I do not believe the Hall of Fame as the ultimate talent barometer. I do believe Tim Raines is better than Jim Rice and multiple other plaques already held within the storied walls. I do not believe that players should be purposely held back on first ballot votes just because. I do believe the Hall is a fantastic resource for baseball history though, and I do believe the Hall means more to the players than we can even begin to quantify.
McGriff played in a combined 3,048 Major League regular season, post-season, and minor league games. If each game lasted around three hours, then McGriff spent at least 9,144 hours on a baseball field. That does not include All Star appearances, spring training, traveling, conditioning, or just generally hanging out at the ball field. It does not include high school or little league time either. 9,144 hours is a lot of time. There are only 8,760 hours in a year. Fred McGriff has spent more than a year of his life on various diamonds across North America.

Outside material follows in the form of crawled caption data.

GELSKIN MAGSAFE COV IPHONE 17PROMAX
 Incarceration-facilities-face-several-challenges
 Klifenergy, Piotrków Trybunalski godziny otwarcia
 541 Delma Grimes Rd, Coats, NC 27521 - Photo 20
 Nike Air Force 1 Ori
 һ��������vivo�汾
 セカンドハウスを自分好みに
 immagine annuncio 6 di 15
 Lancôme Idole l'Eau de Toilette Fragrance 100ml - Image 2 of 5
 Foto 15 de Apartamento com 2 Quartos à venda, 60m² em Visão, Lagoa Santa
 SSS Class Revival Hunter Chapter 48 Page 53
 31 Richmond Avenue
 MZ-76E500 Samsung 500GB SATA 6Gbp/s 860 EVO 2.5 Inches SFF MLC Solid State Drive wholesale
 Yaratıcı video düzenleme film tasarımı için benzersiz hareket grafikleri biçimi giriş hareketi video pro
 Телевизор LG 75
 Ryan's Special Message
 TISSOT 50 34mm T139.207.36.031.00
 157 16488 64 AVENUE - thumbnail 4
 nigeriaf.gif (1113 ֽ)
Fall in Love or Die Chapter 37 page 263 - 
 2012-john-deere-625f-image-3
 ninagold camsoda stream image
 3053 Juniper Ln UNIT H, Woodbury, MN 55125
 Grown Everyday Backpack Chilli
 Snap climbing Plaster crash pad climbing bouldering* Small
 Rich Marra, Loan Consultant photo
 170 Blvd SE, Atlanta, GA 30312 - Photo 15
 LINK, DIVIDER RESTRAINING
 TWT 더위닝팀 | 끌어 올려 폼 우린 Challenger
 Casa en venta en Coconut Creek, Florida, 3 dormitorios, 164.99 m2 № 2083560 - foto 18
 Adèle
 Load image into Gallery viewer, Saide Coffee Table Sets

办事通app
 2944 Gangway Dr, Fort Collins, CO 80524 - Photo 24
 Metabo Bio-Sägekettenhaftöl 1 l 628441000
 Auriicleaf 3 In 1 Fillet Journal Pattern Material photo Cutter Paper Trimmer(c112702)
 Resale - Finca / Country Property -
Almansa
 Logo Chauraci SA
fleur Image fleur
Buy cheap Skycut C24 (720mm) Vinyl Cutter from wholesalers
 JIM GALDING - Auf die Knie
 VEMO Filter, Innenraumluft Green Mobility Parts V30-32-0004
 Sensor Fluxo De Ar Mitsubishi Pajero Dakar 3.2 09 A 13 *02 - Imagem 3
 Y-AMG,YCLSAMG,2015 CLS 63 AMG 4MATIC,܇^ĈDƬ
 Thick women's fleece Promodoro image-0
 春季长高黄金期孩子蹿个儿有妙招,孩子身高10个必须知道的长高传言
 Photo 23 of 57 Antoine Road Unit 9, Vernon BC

No sane individual commits that much of his time towards anything, be it hobby or spouse or even self, unless it's a necessity. Either for money or soul, McGriff needed baseball. He still needs baseball. Old DRB columnist and McGriff co-host Matt Sammon has told me in the past that many voters have assured McGriff that he will one day grace the Halls. Those folks will one day write up McGriff as the clean slugger; the white knight amongst tainted pawns, fraudulent kings, and chemistry major queens. Truth be told, that's like labeling him the dumbest kid in the class. Right or wrong, whether McGriff enhanced or not does nothing for me.
Popular to contrary belief, numbers do not and have never driven my passion for baseball. I was a fan before I read Nate Silver or Jonah Keri, before I bought The Book or made my first WAR spreadsheet, I was a fan in part because of players like Fred McGriff. The Hall of Fame isn't a good measure of performance or talent. In 150 years though, I won't be here (and neither will anyone else who saw McGriff play) to tell folklore about McGriff's swing. But that silly old plaque will. As will part of my baseball fandom.
I'll admit this is an odd situation. I'm someone who prides himself in mostly objective analysis. To wish for someone's entry based mostly on subjective reasoning is probably going to have me labeled a hypocrite or something equally negative. At the same time I didn't even vote McGriff on the SBN HOF ballot because I thought we were trying to produce a true barometer of performance. I guess my only defense is that McGriff is the first player with the potential to get into the Hall who did more than simply suit up as a Ray. The very first player. Don't we all want that first time feeling to come sooner than later?
Fun fact: McGriff finished shy of 500 homers but his HR/AB is higher than five members of the 500 HR club: Eddie Murray, Mel Ott, Rafael Palmeiro, Ernie Banks, and Gary Sheffield. Seven home runs over the course of a career being the difference between HOF and no HOF is silly.